• Introduction to online study

    The Virtual Learning Campus (VLC) contains all the information you need to complete your course so we recommend that you take some time to become familiar with it.

    Course information

    You can access your course page by clicking on the 'My Courses' drop-down menu.

    All of our courses are divided into separate parts called units, sections or topics. Each part will consist of reading materials followed by a short test or exercise or a longer assignment. The short test or exercise will help check your understanding of the reading materials before you tackle the assignments. The assignments generally need to be submitted to your tutor for marking.

    By working through the course, you will be gradually introduced to different topics which build your knowledge and understanding of your chosen subject. We recommend that you follow the course in the order that it is laid out on the VLC, starting at the top, as it has been structured to ensure you learn in the most logical order.


    Some courses are assessed through course work, whereas others prepare you to take an external assessment. Some assessments are 'open book' tests which enable you to check your learning; others are formal exams taken outside of the home or your workplace leading to externally validated professional qualifications. If you're unsure about the requirements for your course, just ask your tutor for guidance.

    Tutoring service

    By now you will have received contact details for your tutor, who will help as you work through the course material and mark the assignments you submit for grading.

    Tutoring hours vary slightly by course, but if you contact them outside of these times then they will respond as soon as possible and by the next working day at the latest. Make sure you include your Student ID in all communication as this allows tutors to access your student records and track your learning.

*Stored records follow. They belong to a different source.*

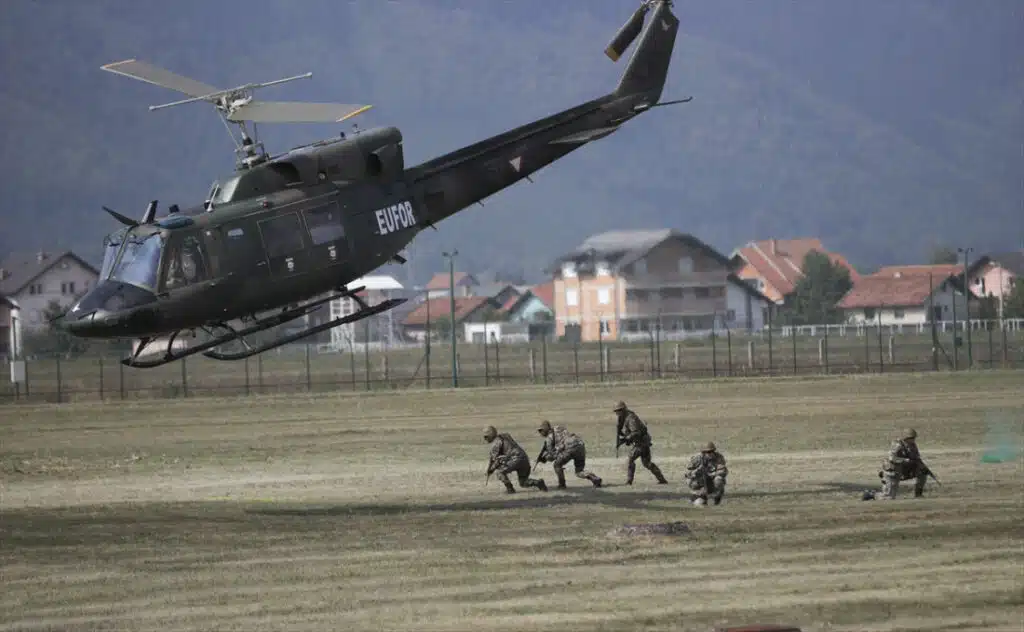 Pokazna vježba EUFOR-a: Sposobni odgovoriti na svaku prijetnju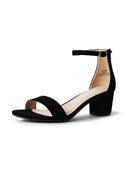 Daisy | Black Suede
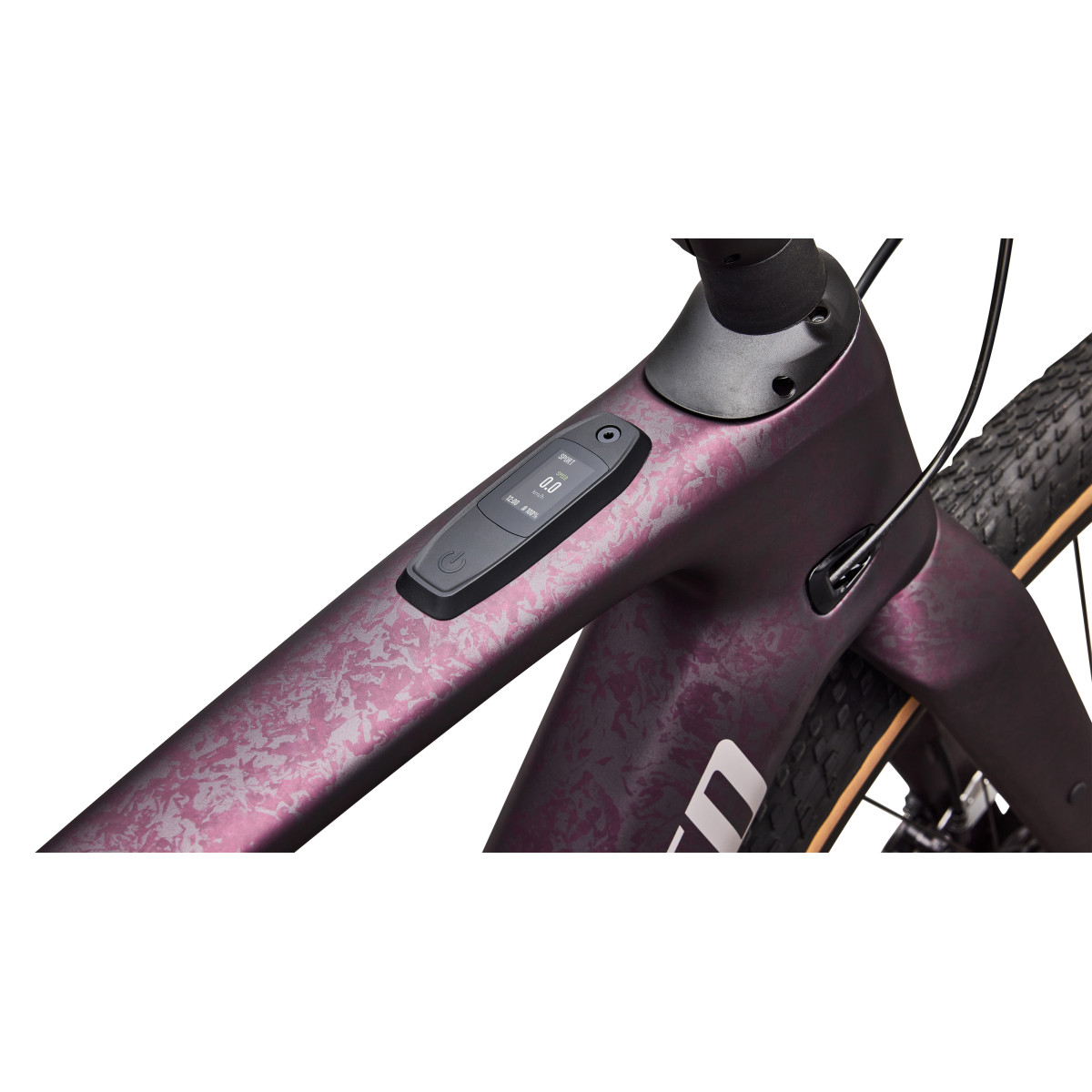Specialized Turbo Creo 2 Expert elektriskais velosipēds | Satin Nebula Metallic - Bordeaux Metallic Dry Impasto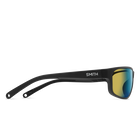 Redding 2, Matte Black + ChromaPop Glass Polarchromic Yellow Blue Mirror Lens, hi-res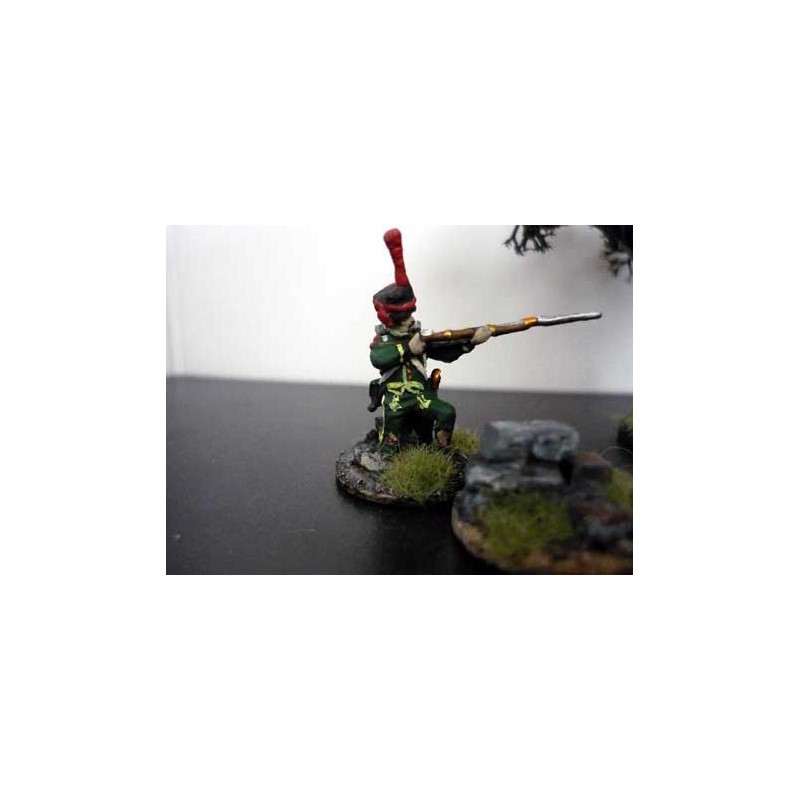 Figurine Voltigeurs Français 1/72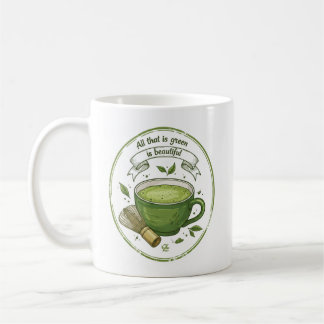 Matcha Älskare Mugg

    When your tutor grades your work they will give you specific feedback on what you did well and areas you could develop further. Don't worry if your tutor suggests that you try the assignment again and asks you to submit it a second time. This is very common - after all you are developing new skills. It will also help you in the long run as you'll know which areas to focus on in future. You will find that by repeating things and taking note of your tutor's comments and suggestions you will learn much more quickly. We don't think it's unusual to take a driving test two or more times, so we shouldn't really expect our homework to be perfect at the first attempt either.

    Your tutor will return your assignment within seven working days, though usually much sooner. It's a good idea to make a start on the next unit while you are waiting because that helps you stick to your study plan. However, we recommend that you wait for your tutor's comments before tackling the next assignment.

    Study tips

    Distance learning is a highly flexible way to gain new qualifications and allows you to fit your study around your life. However, it's likely to be fairly different from the kind of learning you may have done in the past because you are in control of your timetable and speed of progression. Here are a few tips that will assist you with planning your time and staying on track with your course:

    • Set aside a regular time to study each week so that it becomes part of your routine and, importantly, set yourself a deadline for each assignment. Put reminders in your calendar for these so they don't get forgotten.
    • Involve your family, friends and colleagues and let them know how they can support you throughout the course.
    • Try to keep all your course books, materials and notes organised and in a safe place when you're not using them. This will make it much easier to pick up where you left off and you won't waste time hunting for the things you need.
    • Start each study session with some quick revision. The more you recap what you have already covered, the quicker it will go into your long term memory.
    • Read the tasks carefully before you get started to make sure you don't end up wasting time doing the wrong thing.
    • Don't be surprised if you repeat the same type of activities throughout the course. It's called 'constant retrieval' and helps you learn more effectively.
    • Don't panic if it's hard to remember everything at first. Give yourself time to absorb new information.
    • Don't struggle alone, there's always someone who can help you on the VLC - both tutors and students.